The children felt the blessed influences of all these lovely works of the great Creator in an increase (if such a thing were possible) of their happiness and joy.
You would have thought they were made of corks, so lightly did they skip here and there, running round the trees after each other, the boys turning somersets on the grass, and the girls declaring that they could get to the top of Crow Nest with only a hop, skip, and jump.
"Oh, delightful!" cried George, "to get up a mountain with three steps! you'll have to borrow Jack's seven-leagued boots. I wonder who lives on the top?"
"Why, the crows, to be sure," said Harry, "and they keep up such a talking; it is like a hail-storm all the time; you never heard any thing like the way crows can scold. If one crow is caught stealing, all the rest caw and croak at him, till he very nearly goes into fits, and then they all fly at him till he hasn't a feather left; I read all about it in my Natural History."
"Oh!" cried little Minnie, "how I like to hear stories about fishes! tell another crow story."

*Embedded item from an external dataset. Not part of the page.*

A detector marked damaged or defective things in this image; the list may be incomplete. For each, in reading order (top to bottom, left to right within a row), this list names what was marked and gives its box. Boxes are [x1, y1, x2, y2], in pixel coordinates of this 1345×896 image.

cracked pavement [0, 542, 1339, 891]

While the children were good-naturedly laughing and explaining to Minnie that a crow was a bird, their mother appeared at the cottage-door and said, "Breakfast, children."

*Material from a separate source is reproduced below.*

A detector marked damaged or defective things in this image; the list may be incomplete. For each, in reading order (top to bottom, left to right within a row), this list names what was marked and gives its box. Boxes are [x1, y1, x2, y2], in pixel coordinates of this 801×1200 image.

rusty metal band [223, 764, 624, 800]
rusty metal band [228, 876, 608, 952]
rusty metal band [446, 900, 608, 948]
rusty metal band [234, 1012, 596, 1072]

In they all rushed, quite ready for the nice corn-bread, boiled eggs, and real milk—not milkman's milk—but they looked round in some surprise for Charley.

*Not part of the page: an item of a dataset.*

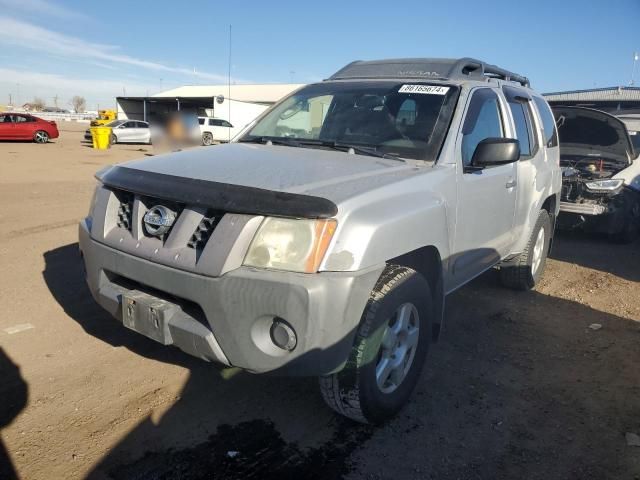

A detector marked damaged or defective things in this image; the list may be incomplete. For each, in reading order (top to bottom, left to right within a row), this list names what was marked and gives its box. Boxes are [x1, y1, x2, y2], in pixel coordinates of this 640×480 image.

damaged dark suv [552, 107, 640, 242]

"He is still sleeping," said the little mother, "and smiling in his sleep; this quiet rest will do him so much good, I hope. Oh, my precious Charley!" she exclaimed, "if I could only keep you a little longer;" and her eyes filled with tears.
The children looked sad and grave, and two or three went round and kissed their mother, and patted her kind cheek, and said they were sure Charley was better. After breakfast they stole softly up stairs to look again at their darling brother.
Charley was sitting up in bed as they entered: a strange bewildered expression was upon his face, and he had his hands behind him, trying to feel his shoulders.